With top-flight managers juggling players around in their heads, and Arsene Wenger complaining about the ‘disastrous’ decision, Premier League clubs now have to name a 25-man squad at the end of each transfer window, with a minimum of eight home-grown players in this squad.
These ‘home-grown’ players do not have to be English. Home-grown players are considered as players who “irrespective of nationality or age, have been affiliated to the FA or Welsh FA for a period of three seasons or 36 months prior to their 21st birthday”. This simply means that if a player was signed for a club anytime before his 18th birthday, he would be considered home-grown after his 21st birthday.
Premier League teams are also allowed an unlimited number of under 21 players. These players can be rotated throughout the team, which will help managers who have injury concerns, and hopefully in turn give young players opportunities to showcase their talents.
Changes to the 25-man roster can only be made during transfer windows, and as soon as the squad is registered no changes can be made. However, the FA has indicated that in certain situations, ones in which teams are left completely stranded, there may be room for negotiation.
The new rule also states that players in the 25-man squad who are loaned out to Football League clubs, cannot be replaced by another player. They can however, regain their spot on their original parent club on their return.
Lastly, this rule only applies to Premier League clubs, and only applies in the Premier League itself.
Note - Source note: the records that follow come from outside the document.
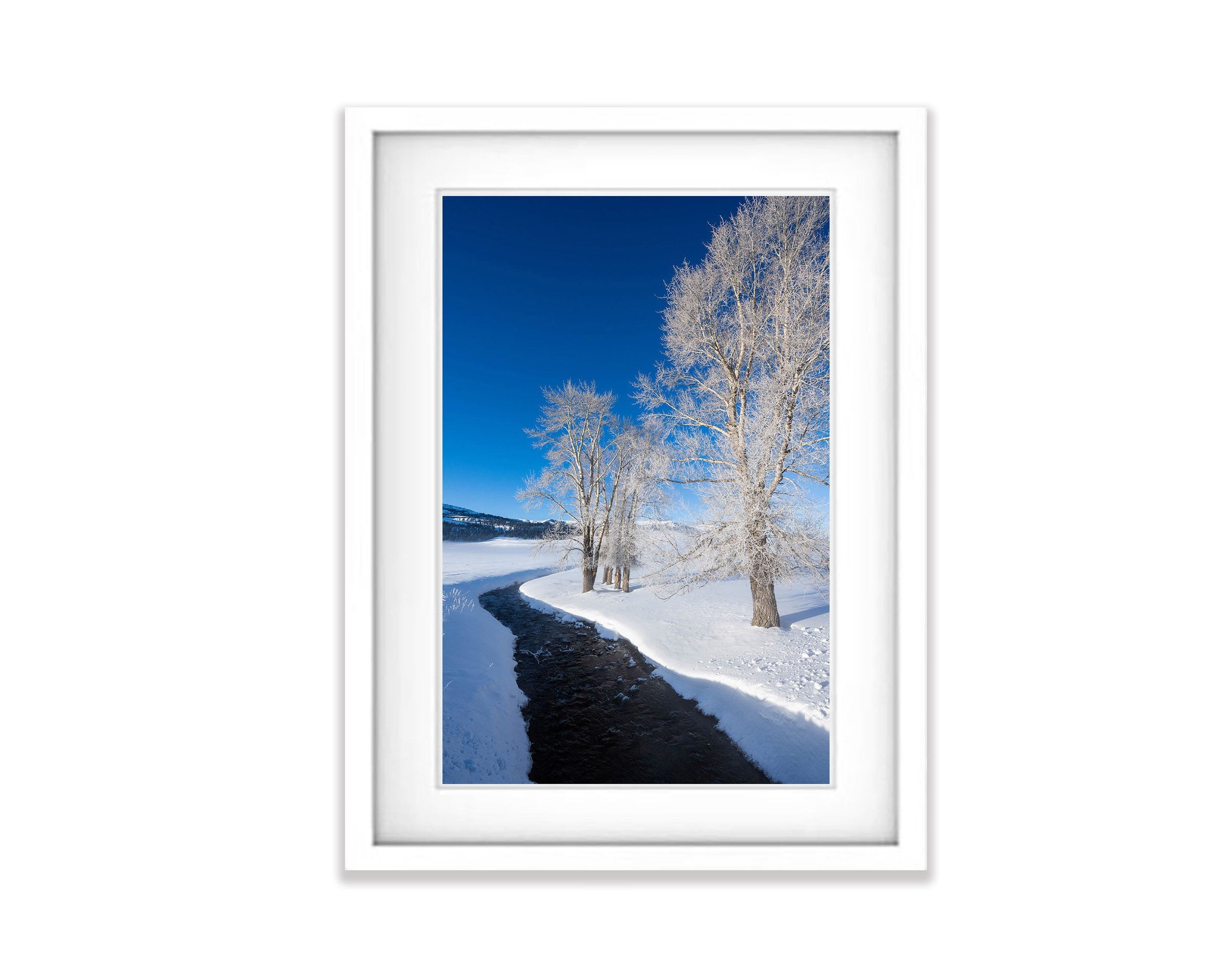 Frosted Trees, Yellowstone NP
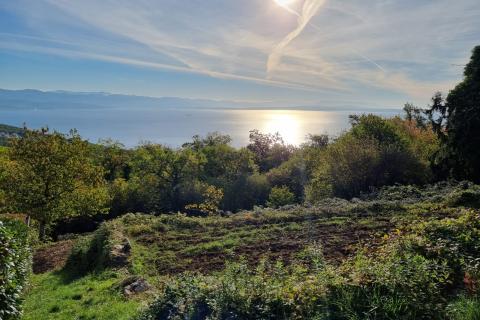 Bauland Poljane, Opatija - Okolica, 17.600m2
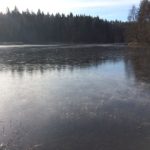Hagenbacher Weiher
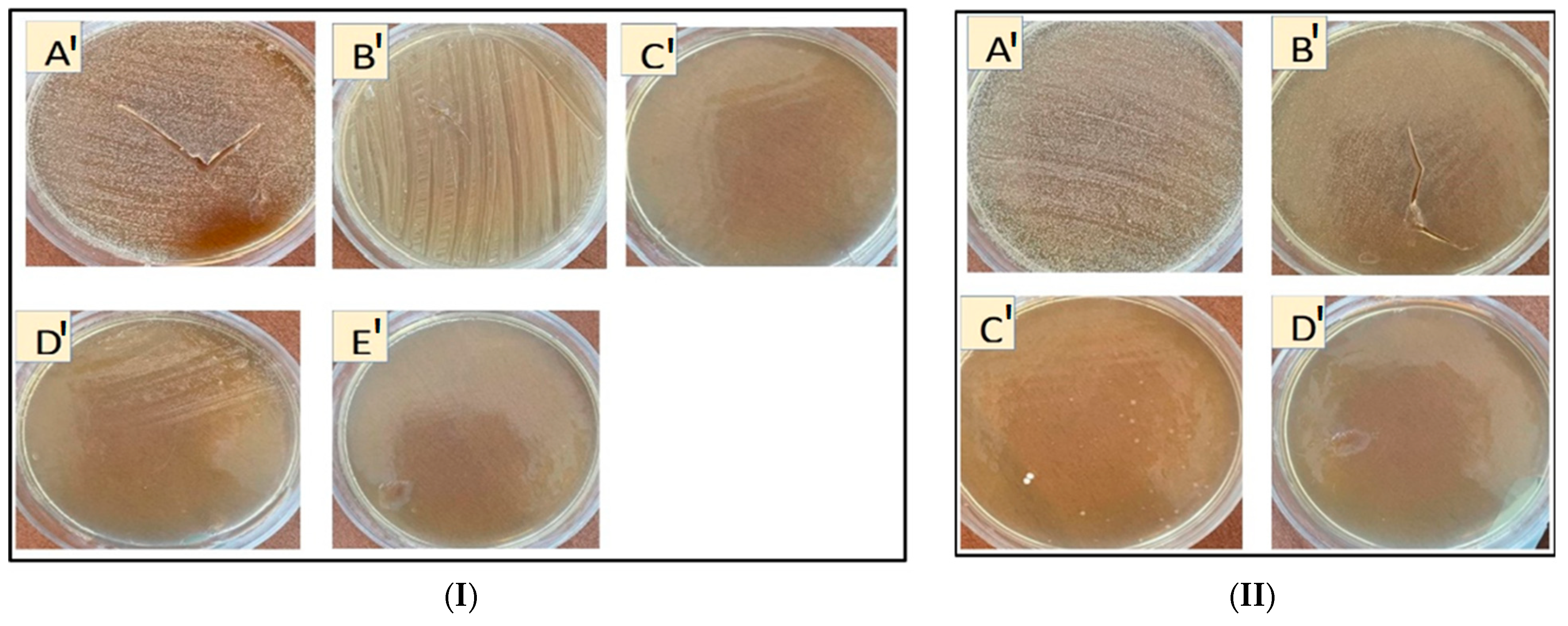 Pharmaceutics 14 00685 g005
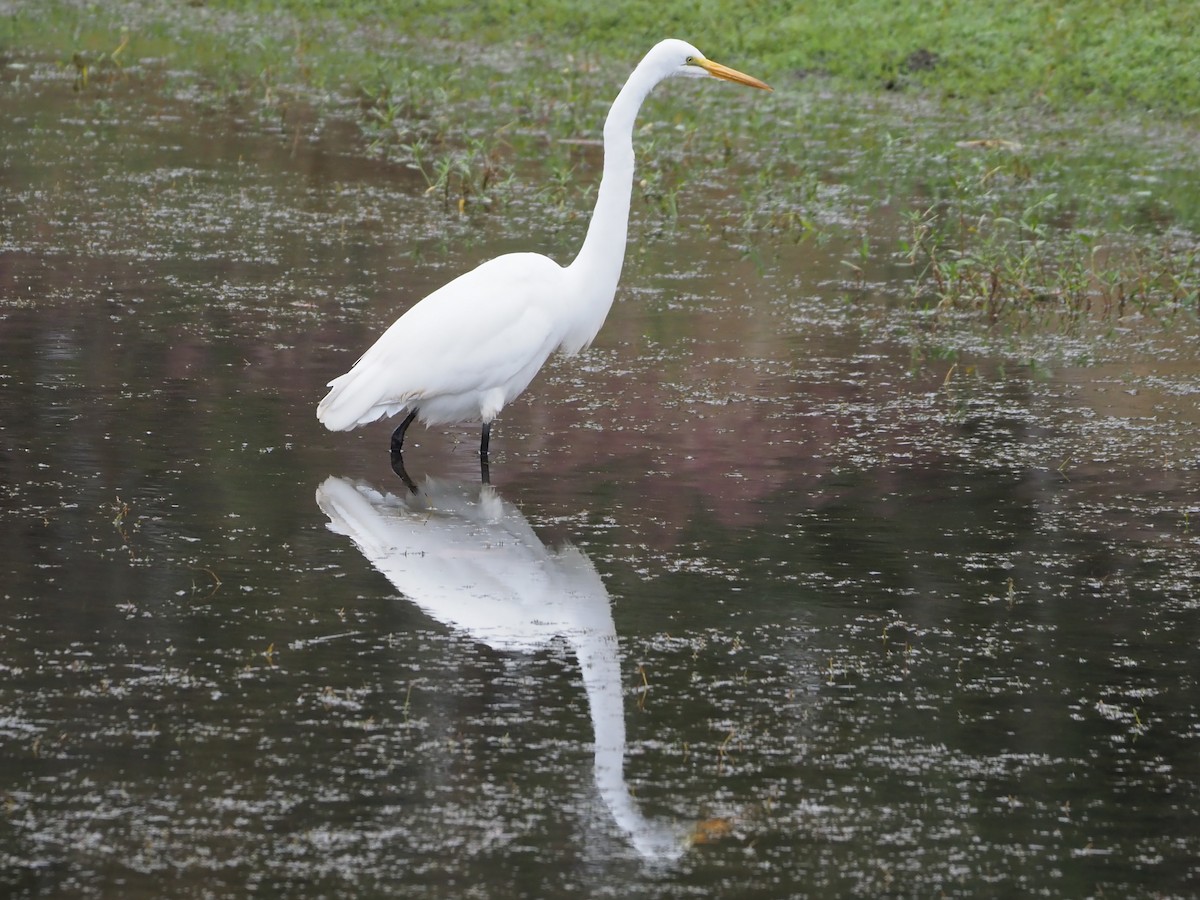 Great Egret - Richard Kaskan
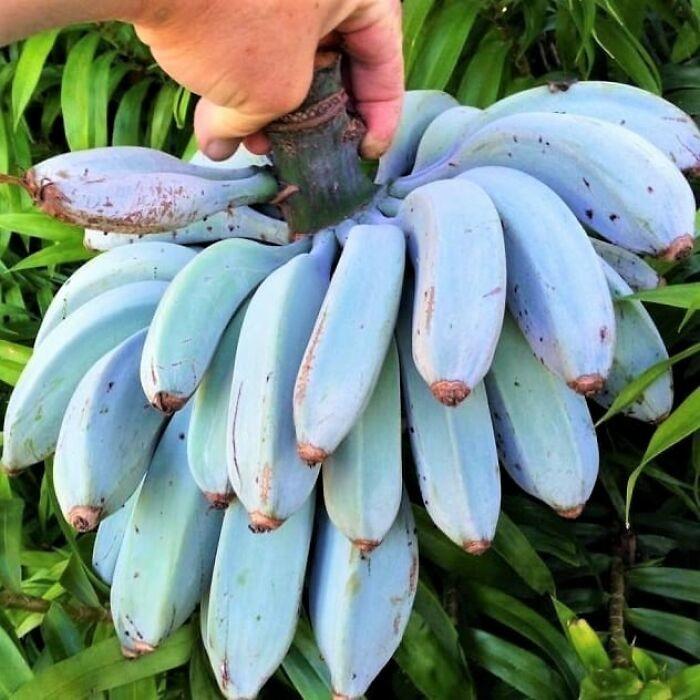 Zilie banāni Autors: Zibenzellis69 20 interesanti dabas brīnumi, kas šķiet, ir no paralēlā Visuma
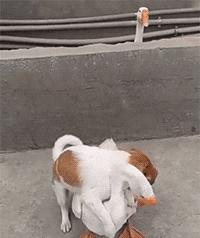 搞笑动图gif图片,搞笑短视频段子15秒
So for teams lucky enough to play in European competitions, they can choose from a full squad.
The general idea behind this new rule is to strengthen the English youth system by hopefully creating chances for young English talent to break into first teams all over the league, whether it be at Manchester United or Blackpool.
Personally, I think this is a step forward for English football, not a major step, but a little forward progress nonetheless.